Judges 21:1-15, Mk. 15:33-41
The Christian faith is not a religion of near-misses and close-calls. The Christian faith is the religion of the dead. Human sin and depravity cannot be coaxed back to life. The sin of Adam did not contract a disease; in the day that we ate, we died.
This is part of the reason why God gives us stories of violence and confusion. Did the women and children Jabesh-Gilead deserve to be slaughtered? What kind of bloody compassion is this that Israel has for Benjamin? Many are so appalled at this that they will not read any further. If this God, I want nothing to do with Him, they say, feigning righteousness. But many Christians swallow hard and press on, and then they come up against Jesus. We know that Jesus died. But perhaps we rush a little too quickly to the end of the story without letting the horror of His death really sink in. We don’t let the bloody, God-forsakenness really chill us. There it is again, violence and confusion, and a dead man hanging, completely still as the flies buzz around Him. And at that very moment, when the heaving chest sinks down and refuses to rise again, a Roman soldier says, “Truly, this man was the Son of God.” How could he say such a thing? Caesar was the Son of God. Imperial power claimed to be Divine. How could a dead Jew be the Son of God?
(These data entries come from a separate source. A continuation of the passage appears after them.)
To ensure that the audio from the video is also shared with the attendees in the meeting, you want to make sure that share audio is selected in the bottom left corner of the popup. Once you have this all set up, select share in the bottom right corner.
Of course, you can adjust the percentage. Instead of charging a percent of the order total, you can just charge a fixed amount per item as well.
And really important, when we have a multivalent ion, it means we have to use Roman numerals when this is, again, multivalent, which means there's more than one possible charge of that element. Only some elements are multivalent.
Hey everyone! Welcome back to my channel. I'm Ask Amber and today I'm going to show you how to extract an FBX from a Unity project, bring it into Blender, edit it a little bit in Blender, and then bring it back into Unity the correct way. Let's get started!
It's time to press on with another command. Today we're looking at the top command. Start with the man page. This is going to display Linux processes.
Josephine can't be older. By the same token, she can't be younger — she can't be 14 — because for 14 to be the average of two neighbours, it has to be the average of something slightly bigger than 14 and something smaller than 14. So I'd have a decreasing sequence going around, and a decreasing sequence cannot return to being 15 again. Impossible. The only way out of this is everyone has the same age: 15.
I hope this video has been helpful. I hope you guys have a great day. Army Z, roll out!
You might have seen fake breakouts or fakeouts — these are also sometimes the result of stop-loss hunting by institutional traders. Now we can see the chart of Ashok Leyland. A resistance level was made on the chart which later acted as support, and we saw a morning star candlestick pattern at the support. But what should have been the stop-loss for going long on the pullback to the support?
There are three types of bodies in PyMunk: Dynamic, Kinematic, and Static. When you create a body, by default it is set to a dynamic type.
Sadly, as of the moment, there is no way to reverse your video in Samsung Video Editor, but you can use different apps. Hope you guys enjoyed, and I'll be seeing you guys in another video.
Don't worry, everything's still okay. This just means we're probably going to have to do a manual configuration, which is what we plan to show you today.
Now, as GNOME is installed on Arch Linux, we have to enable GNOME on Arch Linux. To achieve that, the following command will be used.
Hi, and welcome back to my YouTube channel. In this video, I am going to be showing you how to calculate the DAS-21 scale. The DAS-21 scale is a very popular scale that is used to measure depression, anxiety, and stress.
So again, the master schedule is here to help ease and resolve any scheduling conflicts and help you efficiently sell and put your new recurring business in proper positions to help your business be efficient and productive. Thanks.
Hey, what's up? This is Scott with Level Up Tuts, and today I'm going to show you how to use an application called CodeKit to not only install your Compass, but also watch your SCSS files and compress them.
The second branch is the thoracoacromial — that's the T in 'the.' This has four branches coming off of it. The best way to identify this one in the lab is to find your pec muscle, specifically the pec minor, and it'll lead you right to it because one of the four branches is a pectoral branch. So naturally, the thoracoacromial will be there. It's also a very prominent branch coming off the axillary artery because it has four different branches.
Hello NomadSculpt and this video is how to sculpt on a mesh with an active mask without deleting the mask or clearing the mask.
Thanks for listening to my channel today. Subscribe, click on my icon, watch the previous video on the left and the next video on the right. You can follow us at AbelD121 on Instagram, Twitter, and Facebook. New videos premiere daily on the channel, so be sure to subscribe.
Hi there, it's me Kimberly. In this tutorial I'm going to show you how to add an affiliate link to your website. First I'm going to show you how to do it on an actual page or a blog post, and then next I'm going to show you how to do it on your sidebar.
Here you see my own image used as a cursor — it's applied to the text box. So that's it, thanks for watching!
But the question should be: How could we know God if He didn’t die? We are dead. There can be no salvation unless God meets us here. We are a violent and confused people, but we love to pretend that we are somehow not that bad. We compare our stench to the other dead bodies and boast in our rotting fumes. But no treatment will do. There is no halfway house for corpses. Our salvation is not a close-call, a near-miss with death. All the other religions of the world stop short of such insanity, and explain that Elijah did come down and save us in the nick of time – save us from admitting our true depravity. Only God let’s His beloved Son die. Only the true God comes all the way down into our grave, into our shame, to bear our guilt, in order to crush all of it with the final convulsion of His death.